The recommended approach is parallel testing: run the outgoing and incoming lots simultaneously for a defined overlap period, typically 10 to 20 runs. Collect sufficient data on the new lot to calculate its own mean and SD, then establish new ranges. Some laboratories use the outgoing lot’s ranges as provisional limits during the overlap period, which is reasonable as long as the new lot’s permanent ranges are established from its own data.
Ongoing Range Maintenance
QC ranges are not permanent. As cumulative data grows, the laboratory should review and, where justified, update target values and control limits at defined intervals, typically every six months or when a significant change occurs (new reagent lot, instrument maintenance, calibration update). Cumulative data often supports tightening limits as the dataset stabilizes, which improves the sensitivity of the QC program over time.
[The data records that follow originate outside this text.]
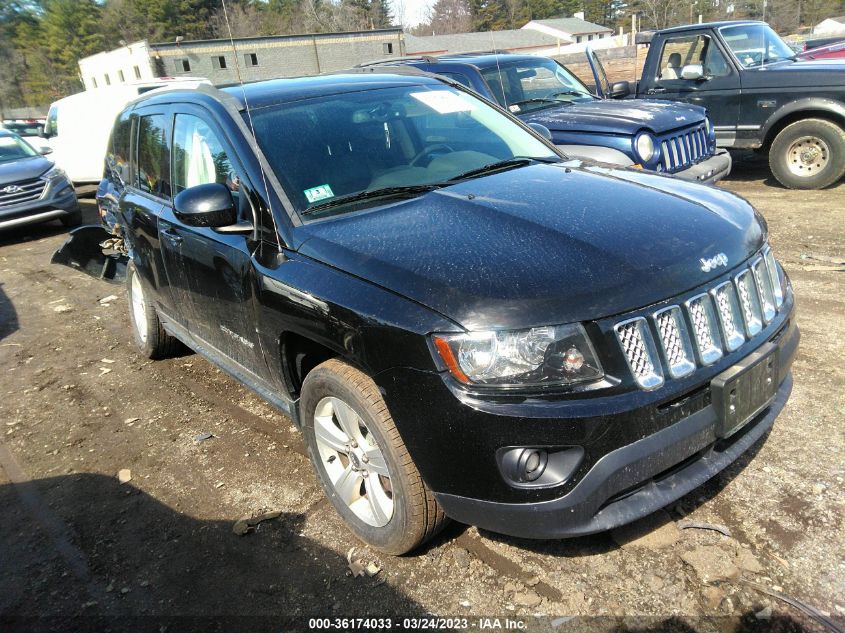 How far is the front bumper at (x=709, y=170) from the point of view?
6590 millimetres

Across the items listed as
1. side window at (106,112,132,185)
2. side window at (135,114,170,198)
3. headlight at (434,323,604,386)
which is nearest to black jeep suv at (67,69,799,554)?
headlight at (434,323,604,386)

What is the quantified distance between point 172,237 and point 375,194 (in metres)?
1.48

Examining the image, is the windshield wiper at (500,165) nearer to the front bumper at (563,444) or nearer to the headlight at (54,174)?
the front bumper at (563,444)

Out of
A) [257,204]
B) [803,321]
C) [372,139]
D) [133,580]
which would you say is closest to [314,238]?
[257,204]

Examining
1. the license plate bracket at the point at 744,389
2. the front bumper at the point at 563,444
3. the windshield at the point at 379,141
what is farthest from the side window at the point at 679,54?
the front bumper at the point at 563,444

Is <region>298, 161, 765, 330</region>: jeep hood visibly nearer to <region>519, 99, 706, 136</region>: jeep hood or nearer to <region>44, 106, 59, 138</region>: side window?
<region>519, 99, 706, 136</region>: jeep hood

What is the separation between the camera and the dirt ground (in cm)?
241

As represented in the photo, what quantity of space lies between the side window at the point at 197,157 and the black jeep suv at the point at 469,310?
2cm

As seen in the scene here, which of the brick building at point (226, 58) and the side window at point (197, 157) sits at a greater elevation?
the brick building at point (226, 58)

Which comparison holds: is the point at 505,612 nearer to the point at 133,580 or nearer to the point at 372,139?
the point at 133,580

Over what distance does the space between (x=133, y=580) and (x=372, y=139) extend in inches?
93.9

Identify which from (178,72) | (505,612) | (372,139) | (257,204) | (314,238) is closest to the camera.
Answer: (505,612)

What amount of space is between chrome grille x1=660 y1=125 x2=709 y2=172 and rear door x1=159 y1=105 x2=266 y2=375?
464 centimetres

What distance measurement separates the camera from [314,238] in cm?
273
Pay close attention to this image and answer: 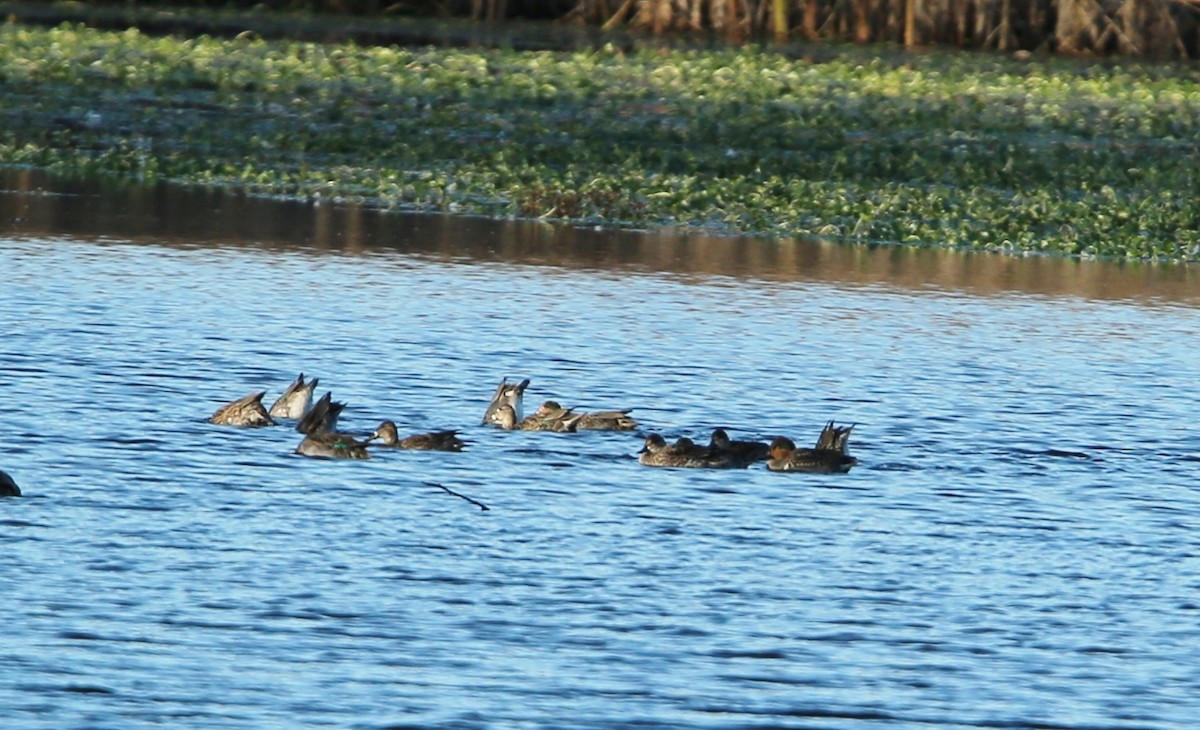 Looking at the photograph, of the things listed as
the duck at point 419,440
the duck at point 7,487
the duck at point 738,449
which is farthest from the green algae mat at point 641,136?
the duck at point 7,487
Be alert to “range creep,” where small, unnoticed shifts in the mean accumulate over months until the QC program no longer catches real problems. Periodic review, comparing current means and SDs against the original baseline, is the best defense against this gradual erosion of QC sensitivity.
Troubleshooting Persistent Failures
When a new assay consistently fails QC after range establishment, the instinct is often to widen the ranges. Resist that instinct. Persistent failures are a signal, not a nuisance, and widening limits to accommodate them defeats the purpose of the QC program.
Instead, investigate upstream. Common root causes include reagent instability, calibration drift, sample handling variability, and environmental factors such as temperature fluctuations. Systematic troubleshooting, working through potential causes methodically before adjusting ranges, protects the integrity of the QC program and often uncovers issues that would eventually affect patient results.
QC Range Establishment Checklist
- Minimum 20 data points collected across multiple days, operators, and instruments
- Mean and SD calculated from in-house data, not solely from manufacturer inserts
- Control limits set at ±2SD (warning) and ±3SD (rejection) as baseline, adjusted for assay characteristics
- Westgard rules selected based on assay risk and clinical or forensic impact
- Lot-to-lot transition procedure documented with parallel testing protocol
- Periodic range review schedule established (e.g., every six months)
- Troubleshooting protocol in place before adjusting ranges to accommodate failures
Frequently Asked Questions
How many data points do I need before setting QC ranges?
A minimum of 20 data points per control level is the widely accepted starting point, consistent with CLSI C24-Ed4 guidance [3]. Fewer than 20 increases the risk that outliers will distort the mean and SD. For assays with higher inherent variability, 30 or more data points collected over 10 to 20 operating days provide a more stable foundation. The key is that data should be collected under routine conditions, across multiple days and operators, not concentrated in a single testing session.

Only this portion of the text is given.